Минни Кеннеди и Луиз Хайес, видевшие водителя автомобиля метров с трех, ни в Сакко, ни в Ванцетти его не опознали. Джимми Восток, обернувшийся на выстрелы и увидевший гангстеров метрах в пятнадцати от себя, также не опознал ни Сакко, ни Ванцетти, Уверен в своих показаниях был только смотритель переезда на Пирл-стрит Майкл Леванж, заявивший, что Ванцетти вел гангстерский «бьюик».

В свое время констебль Боулс описал бандита, который стрелял из ружья во время ноябрьской истории в Бриджуотере, как человека с коротко подстриженными усиками. Такие же усики запомнили и Хардинг, записавший номер бандитского автомобиля в Брейнтри. Тогда же Хардинг заявил опрашивавшему его детективу: «Я не очень хорошо его разглядел, но, по-моему, он был поляк». Тем не менее, когда в полицейском участке Хардингу показали Ванцетти, на лице которого красовались пышные, со свисающими концами усы, он с большой уверенностью объявил, что это тот самый человек. Альфред Кокс считал, что это совсем не тот человек, Боулс допускал обратное, но не был уверен в своей памяти.

Тем временам Стюарт и Кацман возили закованного в наручники Орчиани по свидетелям. Когда ему сделали очную ставку с Сакко и Ванцетти, он со смехом объявил, что обоих видит впервые. Владелец гаража в Нидхеме его не опознал. В Брейнтри трое свидетелей опознали в нем одного из гангстеров.
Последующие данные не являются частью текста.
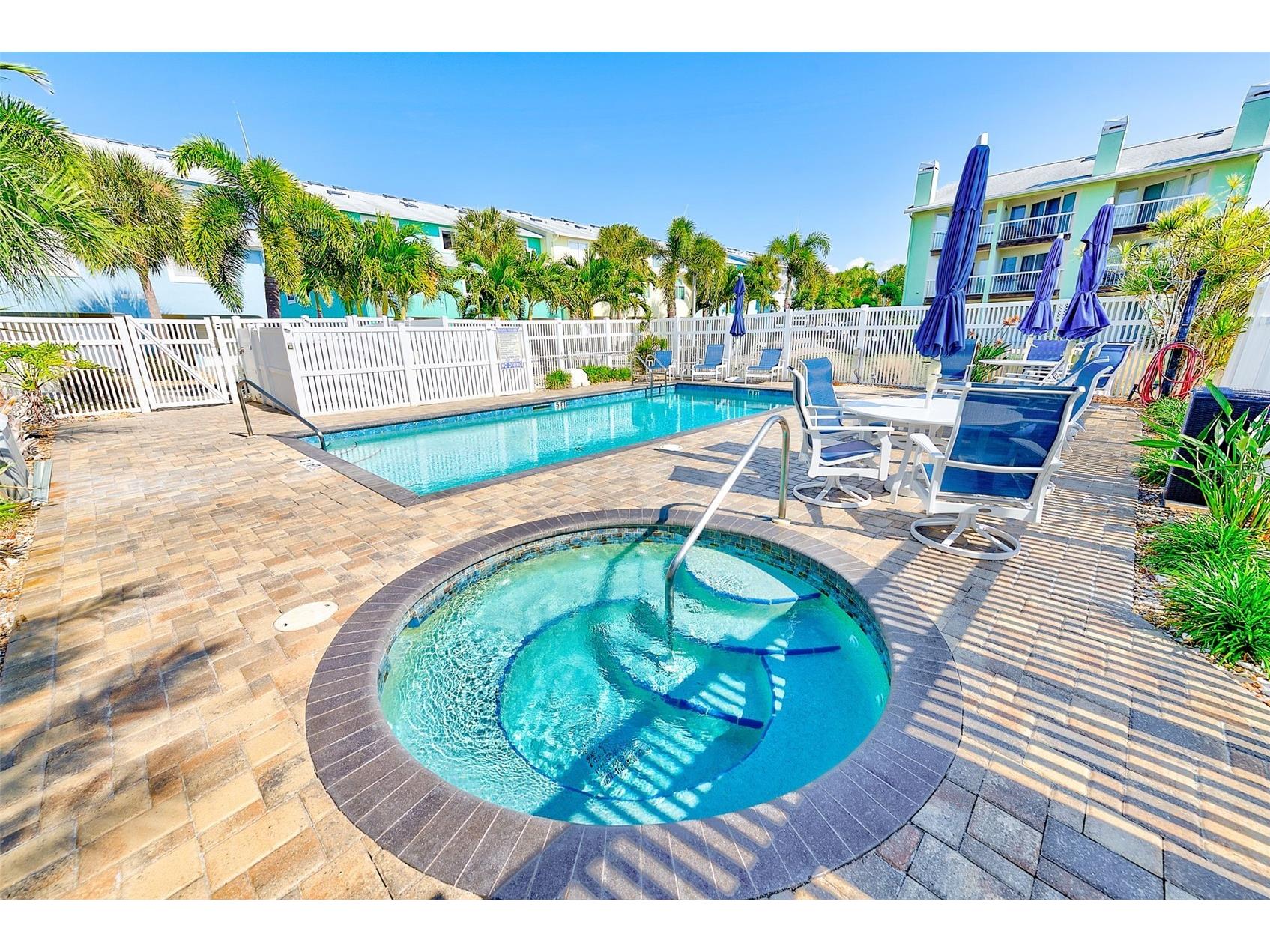 205 Marcdale Boulevard Indian Rocks Beach FL 33785 TB8449185 image3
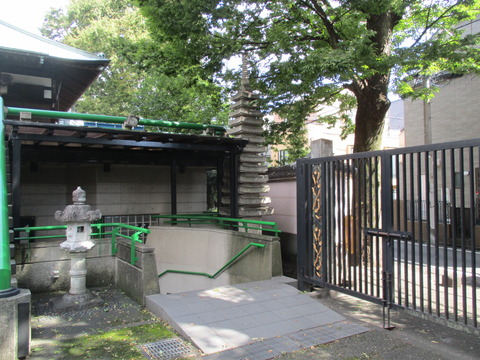 201円泉寺30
В Бриджуотере Хардинг был абсолютно уверен, что видел его среди бандитов во время налета 24 декабря 1919 года.

Бостонская газета «Ивнинг глоб» вечером 6 мая в нескольких маленьких абзацах сообщила, что «Берт Ванцетти, 32 года, из Плимута и Майк Сакко, 34, из С. Стаутона предстали сегодня перед полицейским судом в Броктоне по обвинению в незаконном ношении оружия». В последнем абзаце этого сообщения говорилось, что свидетель, имя которого не названо, почти уверен в том, что один из этих людей сидел за рулем автомобиля, в котором скрылись гангстеры в день убийств в Саут-Брейнтри.